Source information →
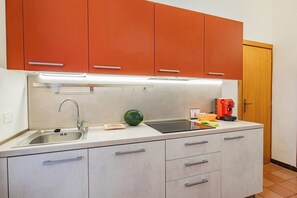 Microondas, placa de cocina, lavavajillas y utensilios de cocina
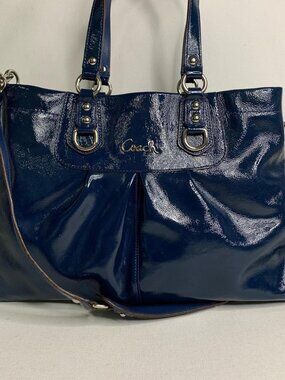 Coach Vintage Navy Blue Leather Tote Bag - Spacious, Stylish, and Durable
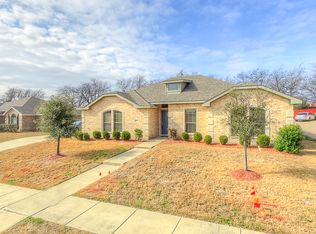 1405 Meadowlark Ln, Glenn Heights, TX 75154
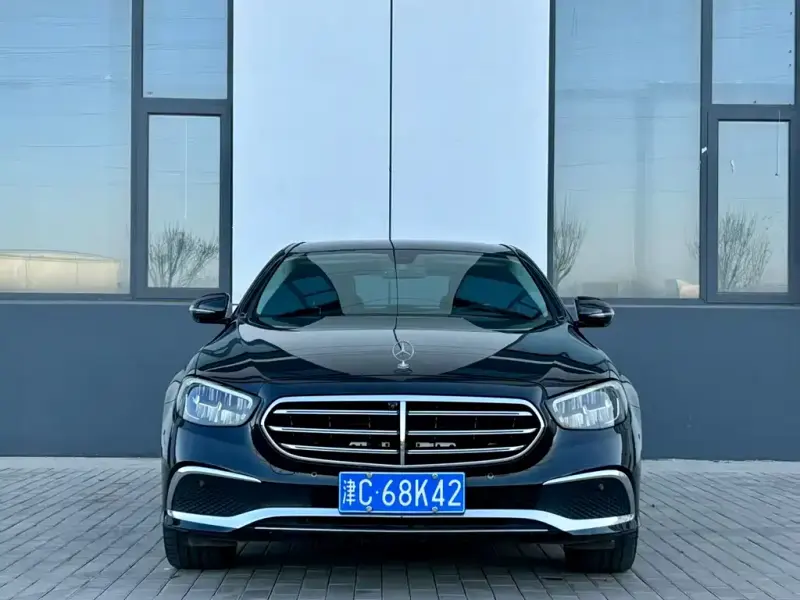 Mercedes-Benz E-Class, 2023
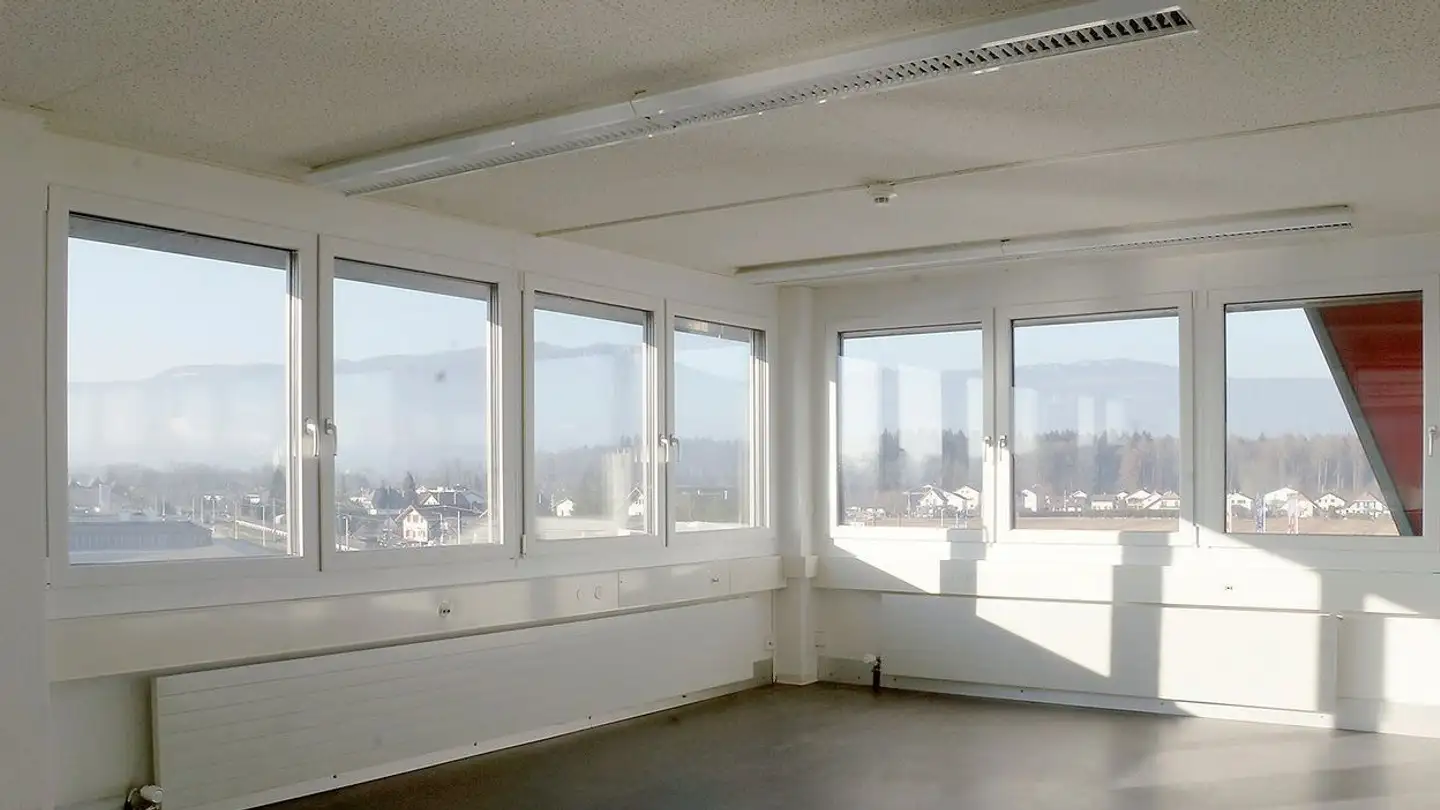 Spazio ufficio in affitto - Gutenbergstrasse 1, 4552 Derendingen - Photo 2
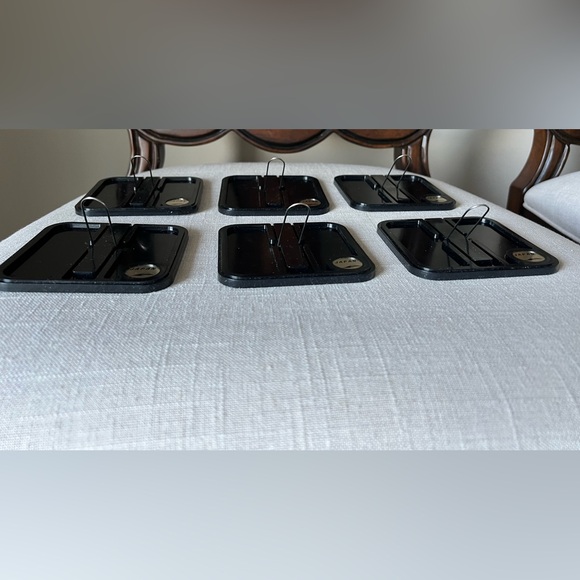 NWOT a set of traditional print coasters/decors+a bonus ashtray - Picture 5 of 6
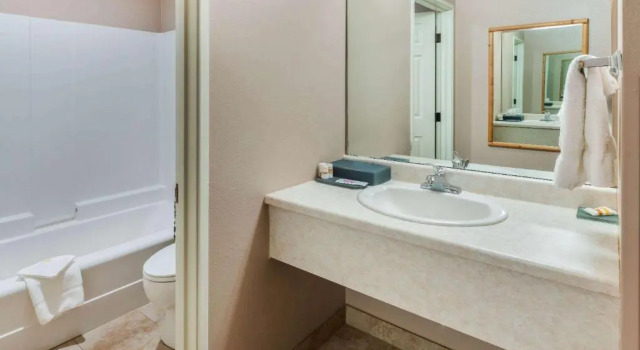 Четырёхместный номер Deluxe La Quinta by Wyndham Belgrade - Bozeman Airport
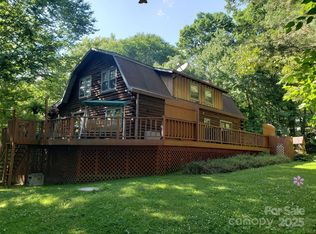 30 Log Cabin Trl, Horse Shoe, NC 28742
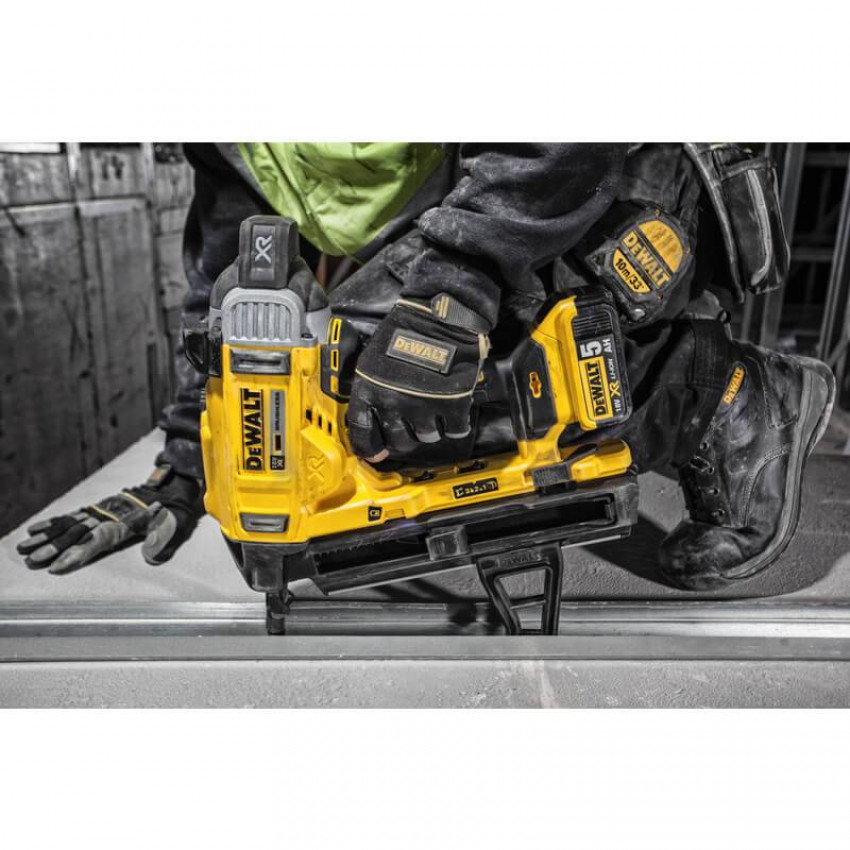 Пістолет цвяхозабивний по бетону акумуляторний безщітковий DeWALT DCN890N-DCN890N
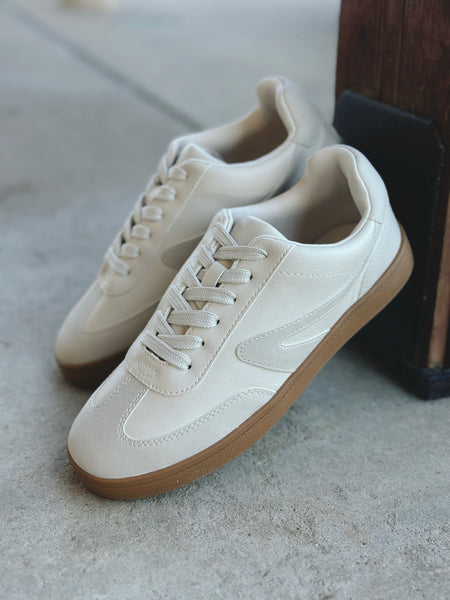Voyage Sneaker - Beige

About this exercise →
Nothing but the lines from the one holding "30 Log Cabin Trl, Horse Shoe, NC 28742" through the last line of the listing should appear in the answer, copied exactly and without pictures.

Result →
 30 Log Cabin Trl, Horse Shoe, NC 28742
 Пістолет цвяхозабивний по бетону акумуляторний безщітковий DeWALT DCN890N-DCN890N
Voyage Sneaker - Beige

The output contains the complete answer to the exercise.